A couple weeks ago, my parents were over and my dad started grilling me:
Dad: Are you going to teach Miles how to fish?
Dad: Why not?
Me: I hate fishing.
Dad: He should learn to fish.
Me: Teach him to fish yourself, if you want to so bad.
Mom: Your dad just wishes he had taught you kids to fish.
After this, I started teasing them about the other things they could have wished (like, they could have wished they'd bought me a car, for example), and my mom said "We don't wish any material things for you kids."

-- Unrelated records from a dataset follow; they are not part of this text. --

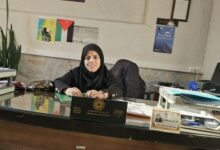 بانویی که با معلولیت پلههای ترقی را پیمود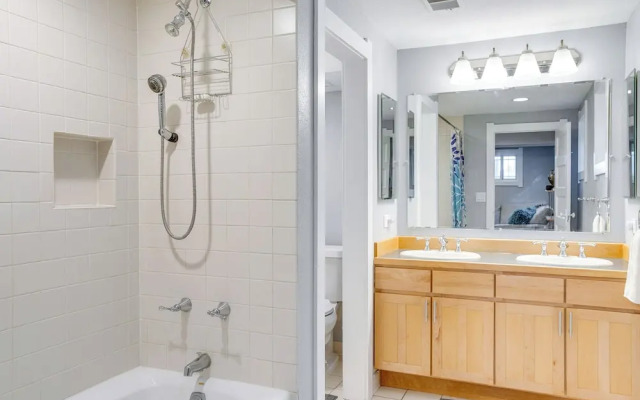 < 1 Mi to Washington Park: Denver Vacation Rental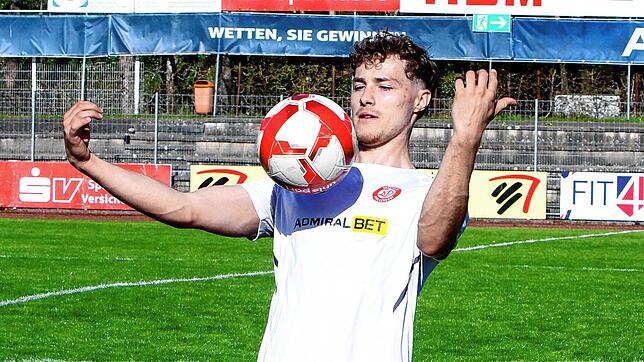 Mit seiner Ballbehauptung und seinem Kämpferherz hat sich Jan Konrad zur unverzichtbaren Defensivstütze des SC Pfullendorf entwickelt.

Growing up, we weren't living in a cardboard box, but our little mobile home was pretty modest. When I was really young, my dad worked more than one job while finishing his high school diploma. My dad ended up with a good job, but there was still not money to have lots of "things." And now, 20-something years after I was born, my parents don't wish they'd bought us more stuff. They wish they'd spent more time with us, teaching us things like fishing. I, however, think they spent plenty of time with us - we played football in the yard nearly every summer evening, and card games all winter. And I could only take so many family "sock sorting" nights (oh yes, that is what it sounds like - an evening devoted to sorting socks).
That's what I was thinking about this evening while I tucked my two year old into bed. He was sitting cross-legged on the mattress, strumming his broom like a guitar, while we sang He's Got the Whole World in His Hands over and over. There's two songs that we sing every night: Whole World, and the ABC's. Miles likes these songs, but he has one absolute favourite song, which I never sing. It is called Co-co-ua-ua, and it's a Spanish song about a crying chicken. When he requests it, I politely decline and speed up the tucking-in process.
Tonight, however, we sang co-co-ua-ua over and over and over. In 20-something years, when Miles is my age, I won't wish that I had rushed back to my computer and written a proposal quicker so that I would sign a contract and be able to buy him more stuff. In fact, I can't think of a single thing I'd like to buy for him. Instead, like my parents, I'll be wishing I'd spent more time with him, even if it means singing about a crying chicken in a language I don't understand.